- Flag Coat of arms
- Territory never captured by Russian forces Previously Russian-held, now Ukrainian-held Territory currently under Russian control
- Occupied country: Ukraine
- Occupying power: Russia
- Russian-installed occupation regime: Kharkov; military-civilian administration (May 2022–present)^{[citation needed]};
- Russian invasion of Ukraine: 24 February 2022
- Ukrainian Kharkiv counteroffensive: 6 September 2022
- Kharkiv Oblast campaign: 10 May 2024
- Administrative centre: Kupiansk (until 8 September 2022); Vovchansk (8 – 11 September); Belgorod (since 11 September 2022)^{[citation needed]};
- Largest settlement: Izium (until 10 September 2022) Vovchansk (10–11 September) Kivsharivka (11–28 September) Borova (28 September – 3 October) Tavilzhanka (3 October – 10 May 2024) Strilecha (10 May 2024 – 28 January 2025) Dvorichna (28 January — 1 December) Vovchansk (1 December — present)

Government
- • Governor: Vitaly Ganchev
- • Prime Minister: Andrey Alekseyenko (in 2022)

= Russian occupation of Kharkiv Oblast =

Military occupation by Russia

The Russian occupation of Kharkiv Oblast is an ongoing military occupation that began on 24 February 2022, after Russian forces invaded Ukraine and began capturing and occupying parts of Kharkiv Oblast, Ukraine. Russian forces failed to capture the capital city of the oblast, Kharkiv. However, other major cities including Izium, Kupiansk, and Balakliia were captured by Russian forces. Since November 2022, Russia only occupies a small portion of land in the Kharkiv Oblast.

In early September 2022, Ukraine began a major counteroffensive, regaining several settlements in the region and ending numerous Russian military or military-civilian administrations.

== Background ==
The city of Vovchansk and the town of Velykyi Burluk came under Russian control on 24 February 2022, the first day of the Russian invasion. Shevchenkove came under Russian occupation on 26 February 2022. Russian forces entered Kupiansk on 27 February. Balakliia was taken by Russian forces on 2 March.

The city of Izium was captured by Russian forces on 1 April 2022.

== History ==
In May 2022, a pro-Russian military-civilian administration was created for the Russian-controlled parts of Kharkiv Oblast. Four military-civilian raion (district-level) administrations were also established for Kupiansk Raion, Izium Raion, Kharkiv Raion and Vovchansk Raion.

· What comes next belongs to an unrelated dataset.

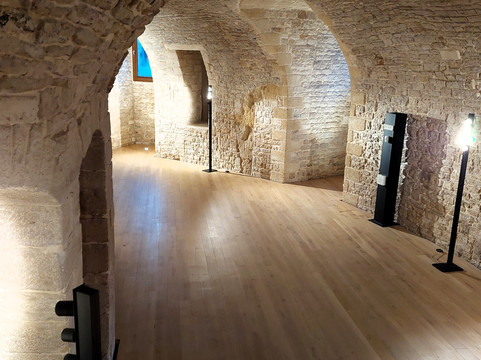 Torrione Angioino-Bitonto必去景点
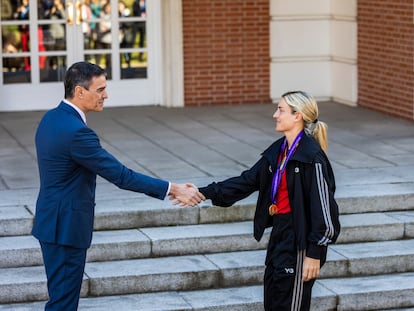 El presidente del gobierno, Pedro Sanchez, saluda a Alexia Putellas en la recepción en La Moncloa.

Vitaly Ganchev, a former lieutenant colonel in the Ukrainian police, was made the head of the oblast military-civilian administration the same month. On 19 August Andrey Alekseyenko was appointed first deputy head of the Kharkiv Oblast military-civilian administration and Prime Minister.

On 8 July 2022, Ganchev said that Kharkiv Oblast was an "inalienable" part of Russian territory and intended for Kharkiv Oblast to be annexed by the Russian Federation via referendum. But on 11 August, Ganchev told the Russia-24 TV channel that the authorities of the territories of the Kharkiv Oblast controlled by Russian troops are not yet ready to discuss a referendum on joining Russia, because "only 20 percent and no more" of the region is under Russian control. According to Ukrainian intelligence, before the Ukrainian counteroffensive, Russia planned to hold a referendum in Kharkiv Oblast in November, with a planned 75% vote in favour of joining Russia.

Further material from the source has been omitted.